We appeared with the northern lights. The air is so cold here. It’s so hard to breath. We better take cover. Will you cover me?
Dezent und langsam, doch nicht aufhaltbar steigt der Pegel des Soundteppichs wie die Flut. Schon beim ersten Hören kann man sich der hypnotischen Kraft dieses Kleinods nicht entziehen.

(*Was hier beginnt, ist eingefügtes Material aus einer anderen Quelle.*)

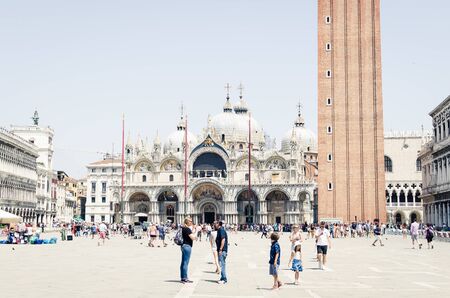 Venice, Italy - Sightseeing place of famous travel destination. Tourists in Piazza San Marco in front of the basilica.の写真素材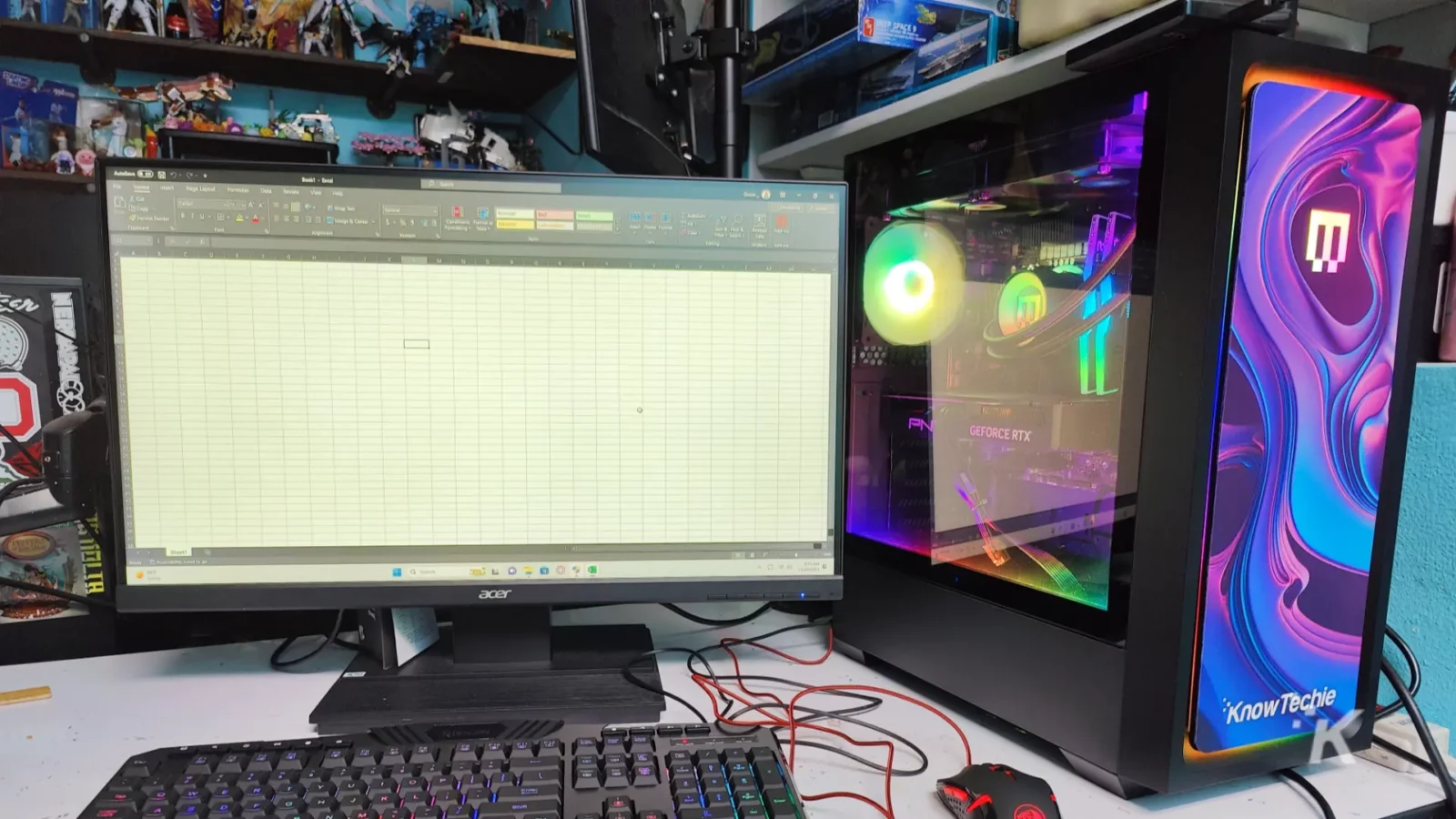 evaluando el excelente maingear mg-1 platinum The image shows a desk with a computer monitor displaying a spreadsheet, a backlit keyboard, a custom pc with rgb lighting, and various collectibles on shelves.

Doch was hat Depeche Modes Katalog sonst noch zu bieten? Erfolgreich war jedes einzelne Album; gelungen die meisten. Gleichwohl kristallisieren sich vier Depeche Mode-Werke als zeitlose Meilensteine für die Ewigkeit heraus. Die grandios dunkle „Black Celebration“ markiert ihren endgültigen Übertritt von überwiegender Pop-Ästhetik ins Reich exquisiter Finsternis. Die Hinwendung zu düsteren Klangfargen gebiert solch großartige Stücke wie Gores versteinerten Triebstau „Question Of Lust“ oder den Elektro-Dämon „Black Celebration“. Von letzterem existiert auf späteren Veröffentlichungen eine nicht minder empfehlenswerte Akustikversion namens „Black Day“. Dieser gewagte Schritt ist für DMs Musik künstlerisch mindestens genauso bedeutsam, wie ihre spätere Entdeckung des Blues.
Lehrmeister Gareth Jones
Als besonders wichtiger Lehrmeister für die zu diesem Zeitpunkt noch sehr junge Band, entpuppt sich Co-Producer Gareth Jones, der im Genre unter Anderem bereits John Foxx „Metamatic“ veredelte und auch bei Alben der Einstürzenden Neubauten oder Nick Cave Hand anlegte. „Music For The Masses“ behält hernach die Sepia-Stimmung des Vorgängers tendenziell bei, geht aber den entscheidend cleveren Schritt in Richtung Catchyness. Der Lohn: Aufstieg zur Stadionband und Durchbruch in Amerika. Auf der zugehörigen Tour treten sie erstmals in Ostberlin vor frenetischem Publikum auf und legten einen denkwürdigen Gig aufs Parkett. Besonders sympathisch: Da die Gage gleich null war und lediglich wenige tausend Ostmark betrug, finanzerten Depeche Mode das Konzert aus eigener Tasche und beglichen die fünfstelligen Kosten. Real Love statt „Strangelove“! Der „Violator“ erweist sich 1990 als ihr ewiger musikalischer Zenit. Songwriting, Sound und Arrangements sind von A bis Z Weltklasse ohne auch nur den geringsten künstlerischen Kompromiss ein zu gehen. Im Gegenteil: In Teilen findet sogar eine aus damaliger Sicht riskante Neuerfindung statt. Denn die Synthikönige flirrten erstmals so richtig ausgiebig mit Sechssaitern. Besonders Edel-Produzent Mark Ellis a.k.a. Flood ermutigt sie bei dieser Idee entscheidend. Die instrumentale Vermählung gelingt wunderbar und fördert grobkörnige Perlen wie „Policy Of Truth“ (elektrisch) oder „Personal Jesus“ (akustisch) zutage. Letztere wurde etwa von Placebo oder Marilyn Manson nett gecovert und von Johnny Cash brilant erobert. Für alle damals irritierten klassischem DM-Freunde machten sie den perfekten Popsong „Enjoy The Silence“ klar.
Der Gipfel ist erklommen! Doch was tun auf der Bergspitze? Kann es von hier nur noch bergab gehen? Vorerst nicht! Einen weiteren höchst treffsicheren Pfeil haben sie noch im Köcher: „Songs Of Faith and Devotion“! Zwar war die Stimmung in der Band untereinander auf dem Tiefpunkt und Gahans Suchtprobleme auf einem lebensgefährlichen Höhepunkt. Doch das ganze Testosteron der Angepisstheit voneinander kreiert ihre extrovertierteste Rockstarplatte. Als Anspieltipps ragen das mackerhaft knallende „I Feel You“, der elegische Gegenpol „Judas“ und der sündige Gospel „Condemnation“ heraus.